Chat log from the meeting on 2024-02-27

From OpenSimulator

Revision as of 13:07, 27 February 2024 by Tampa (Talk | contribs)

(diff) ← Older revision | Latest revision (diff) | Newer revision → (diff)
Jump to: navigation, search
[12:00 PM PT]  Ubit Umarov: welcome :)
[12:01 PM PT]  Ubit Umarov: in code changed department, this week we had a few code contributions to ossl, via github pull requests, that i accepted then change.. ofc
[12:02 PM PT]  Motoko.Karu sounds like my manager... lol
[12:02 PM PT]  Ubit Umarov: that code is mostly untested ( by me at least)
[12:03 PM PT]  Gavin.Hird how do we test it?
[12:03 PM PT]  Vincent.Sylvester Wait for someone to complain on mantis
[12:03 PM PT]  Ubit Umarov: painful test scripts :)
[12:03 PM PT]  Gavin.Hird :-)
[12:03 PM PT]  Vincent.Sylvester Then fix what's broken hehe
[12:03 PM PT]  Cuga.Rajal *waves to MisterBlue
[12:03 PM PT]  Cuga.Rajal hi all
[12:04 PM PT]  Vincent.Sylvester It's pretty simple additions that are unlikely to cause much trouble
[12:04 PM PT]  Ubit Umarov: ( xshh vincent.Sylvester dont reveal out tactics..
[12:04 PM PT]  Web Rain: Hi there :)
[12:04 PM PT]  Orbert.Tatham Interesting - both approaches in one paragraph - real world and "the right way"
[12:04 PM PT]  Lyr Lobo: hehe
[12:04 PM PT]  Lyr Lobo: hello and welcome!
[12:04 PM PT]  Ubit Umarov: the new funtiuons are also missing from wiki..
[12:04 PM PT]  Motoko.Karu ^_^
[12:04 PM PT]  Vincent.Sylvester Some, but the inventory stuff has been added
[12:05 PM PT]  Ubit Umarov: ok found a list :)
[12:05 PM PT]  Vincent.Sylvester The encryption stuff is not no
[12:05 PM PT]  Ubit Umarov: dd functions:

    osGiveLinkInventory(integer linkNumber, key destination, string inventory) Give an item located in a child prim inventory.

    osGetInventoryNames(integer type) Return a list of items names by type (or INVENTORY_ALL) located in the prim inventory.

    osGetLinkInventoryNames(integer linkNumber, integer type) Return a list of items names by type (or INVENTORY_ALL) located in a child prim inventory.

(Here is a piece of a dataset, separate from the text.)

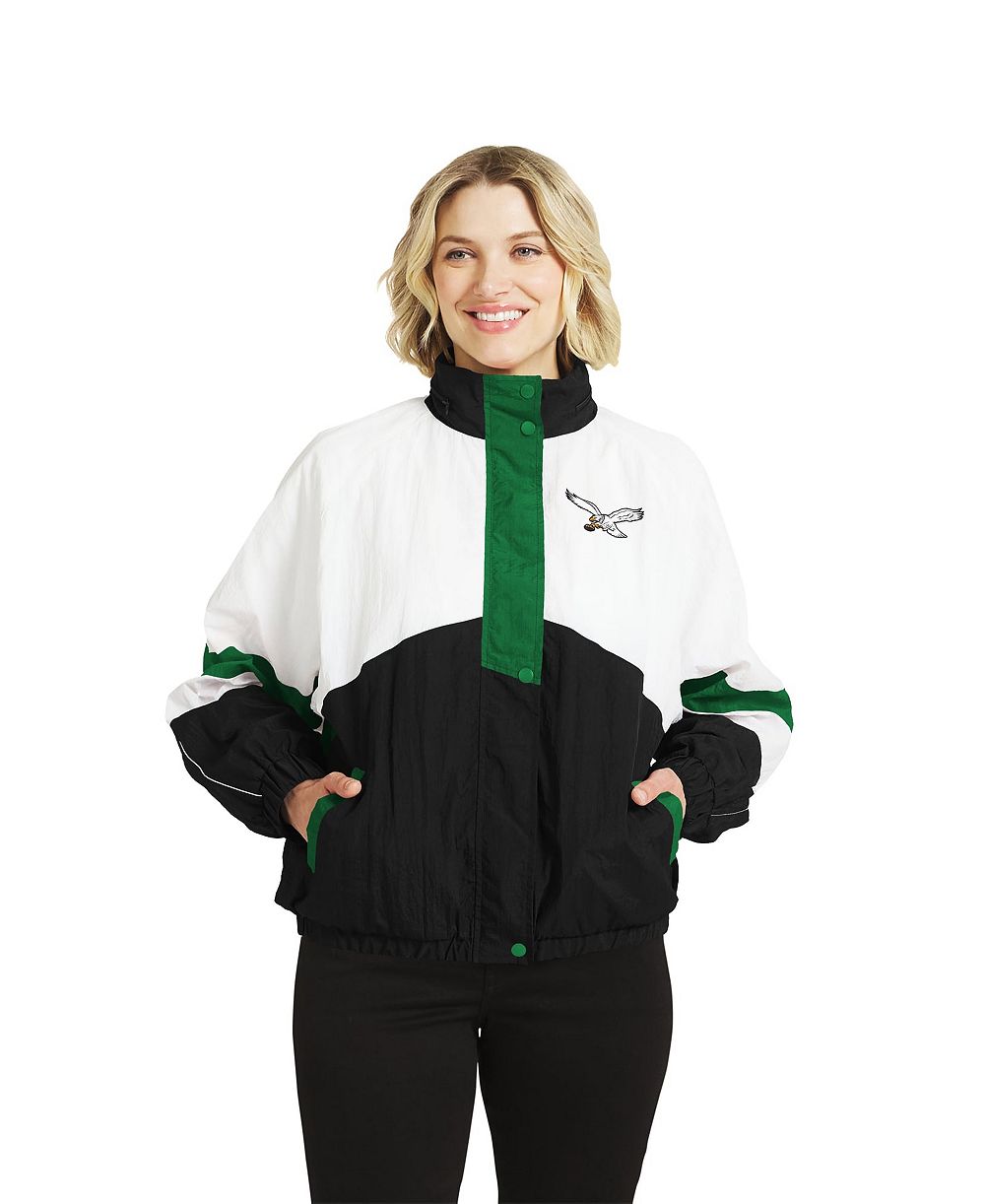 WEAR by Erin Andrews Women's White/Black Philadelphia Eagles Throwback Crinkle Full-Snap Hooded Windbreaker Jacket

    osGetInventoryKeys(integer type) Return a list of the items UUIDs by type (or INVENTORY_ALL) located in the prim inventory.

    osGetLinkInventoryKeys(integer linkNumber, integer type) Return a list of the items UUIDs by type (or INVENTORY_ALL) located in a child prim inventory.

    osGetLinkInventoryKey(integer linkNumber, string name) Return the UUID of the specified item name located in a child prim inventory.

    osGetLinkInventoryDesc(integer linkNumber, string itemNameorid) Return the description of an item located in a child prim inventory.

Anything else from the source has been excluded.